(268e) Single-Step Synthesis of Shaped Polymeric Particles Via Initiated Chemical Vapor Deposition By Leveraging Liquid Crystals As a Reaction Medium and Real-Time Display

Shaped polymer particles will benefit a wide range of applications such as targeted drug delivery vehicles and in soft robotics with reconfigurable super assemblies and directed motion, but existing synthesis approaches are commonly multistep and limited to a narrow size/shape range. In this study, liquid crystals (LCs) were leveraged both as a reaction medium and as a real-time display of the polymerization conditions and progression, by setting up a custom in-situ long-focal range microscope assembly. Tapping into the anisotropy in molecular alignments of nematic liquid crystals (LCs), we developed a novel single-step technique for polymerizing divinylbenzene (DVB) via initiated chemical vapor deposition (iCVD) to generate a variety of shapes including nanospheres, hemispherical micro-domes, orientation-controlled microgels, microspheres, spheroids, and micro-discs.
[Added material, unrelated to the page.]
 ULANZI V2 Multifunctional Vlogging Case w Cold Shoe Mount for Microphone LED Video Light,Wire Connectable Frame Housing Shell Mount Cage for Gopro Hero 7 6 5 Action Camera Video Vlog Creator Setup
In-situ monitoring coupled with iCVD allowed for precisely optimized and continuous delivery of vapor-phase reactants, thus avoiding disruption of the LC structure, a critical limitation in past LC-templated polymerization. In addition, by implementing cross polarized microscopy characterization in real-time, we unraveled the role LC-substrate interface played in the formation of shaped particles. Detailed image analysis and chemical composition characterization revealed key mechanistic insights of shape and size controlled polymer synthesis in LC. By harnessing LC display output as signal amplifiers for monitoring reaction microenvironment in real-time in this study, we lay the foundation for agile development of next generation particle synthesis technologies, to be further employed in tandem with data-driven approaches.